How do we pay for street repairs?

HARLINGEN — The city is revising a proposal that would charge residents a monthly fee to help fund street repairs.

Options could include raising the city’s property tax rate, Mayor Chris Boswell said yesterday.

Early this month, city commissioners voted 3-2 against imposing a street maintenance fee that would raise about $1.2 million a year.

Under City Manager Dan Serna’s original proposal, the city’s utility bills would include a monthly $4.50 charge to residential and multi-family utility accounts and $8.50 per month to commercial and industrial utility accounts.

But the proposed fees were too high, Commissioner Ruben de la Rosa said after he voted against the proposal.

Commissioner Victor Leal, who also voted against the proposal, asked officials to revise their plans.

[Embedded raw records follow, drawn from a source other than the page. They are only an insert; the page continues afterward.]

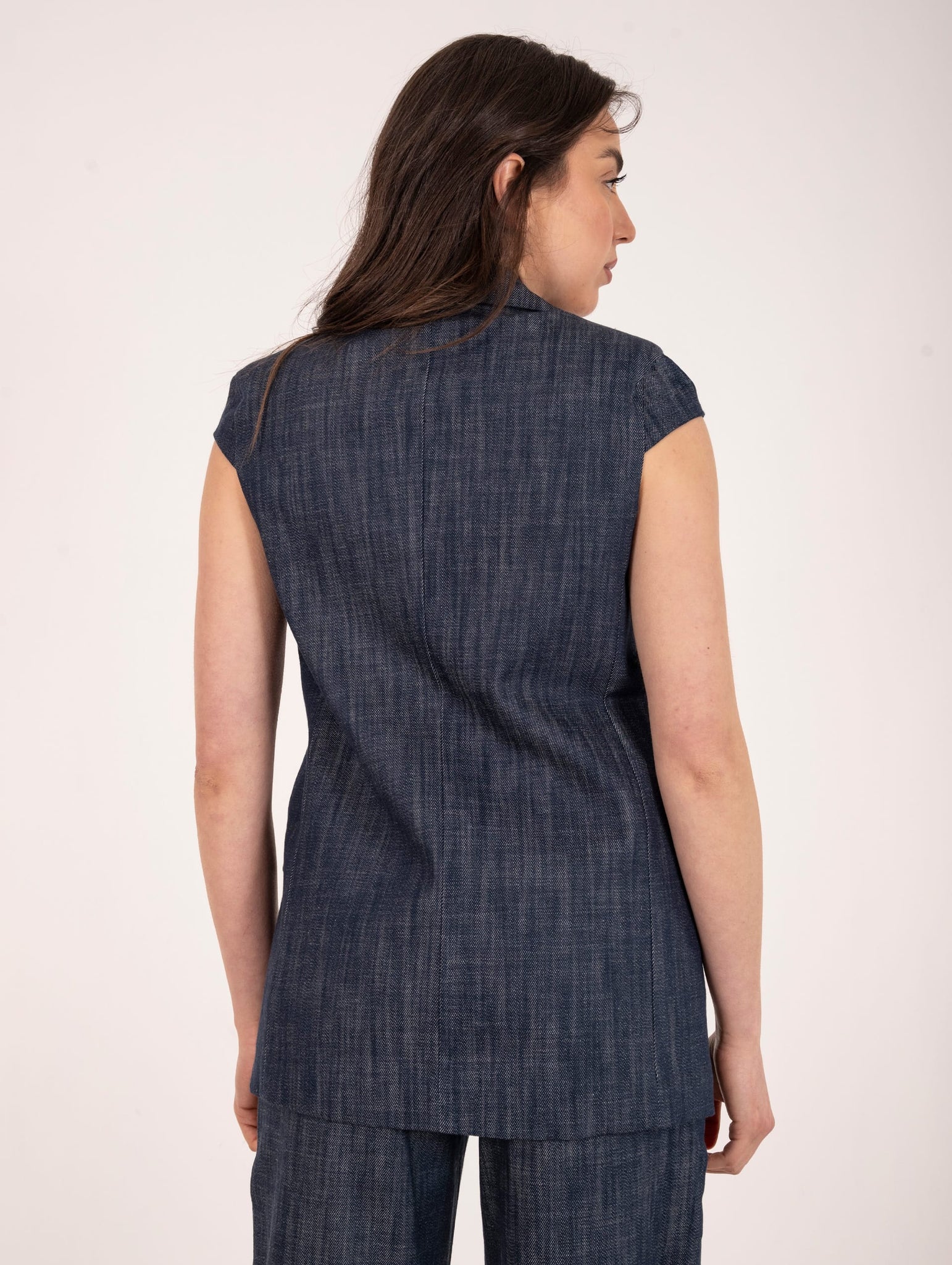 Gilet Brand Unique in Cotone e Lino Denim Medio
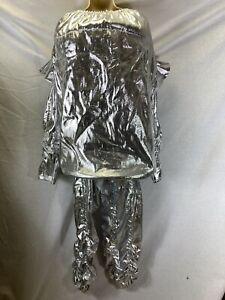 Unisex silver lame robot costume
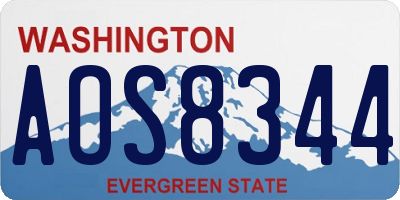 WA license plate AOS8344
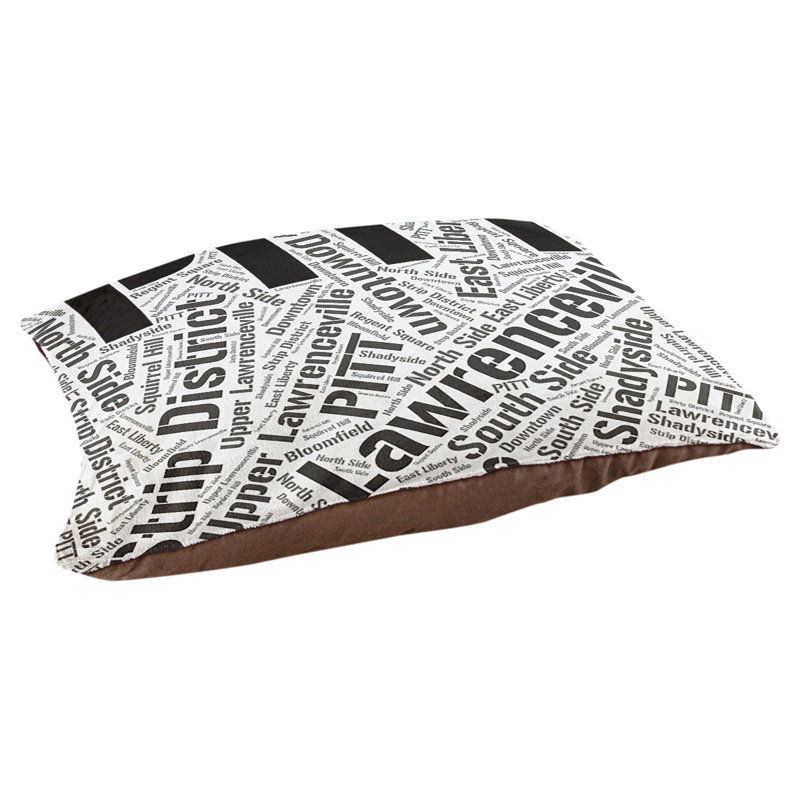 Coussin de chien « districts », Noir, Grand (l 40 po x P 30 po x H 14 po), Pittsburgh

“There’s going to have to be more

discussion among the commission to figure out how to address this matter,” Boswell said yesterday.

Serna said he plans to present a new proposal during a workshop in February.

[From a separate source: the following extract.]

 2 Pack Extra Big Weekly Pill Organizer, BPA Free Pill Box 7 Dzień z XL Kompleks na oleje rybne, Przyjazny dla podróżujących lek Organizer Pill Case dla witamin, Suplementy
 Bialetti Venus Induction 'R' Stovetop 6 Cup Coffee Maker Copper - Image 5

“We’ve been tweaking it a bit,” Serna said yesterday.

Now, Serna said he’s considering charging different fees to residential customers.

“If we go that route, the proposal would be a two-tier system, basically two sets of fees,” Serna said.

But he declined to disclose criteria that would determine whether residents pay lower or higher fees.

Boswell said there are other options to a street maintenance fee, including raising the city’s property tax rate of 58 cents per $100 valuation.

“Different revenue sources are on the table,” Boswell said. “Budgeting is all about making choices. When revenues are going up, and ours are, you can make choices.”

Serna said other cities charging residential and commercial fees to fund street improvements include Austin, Corpus Christi, Kingsville, Richmond, Lampasas, College Station, Taylor, Bryan and Lumberton.

Serna’s proposal stems from last summer’s budget workshop, when commissioners asked him to create a fixed account to help fund street projects.

Too often, commissioners said, officials defer expenditures such as street repairs to fund other projects.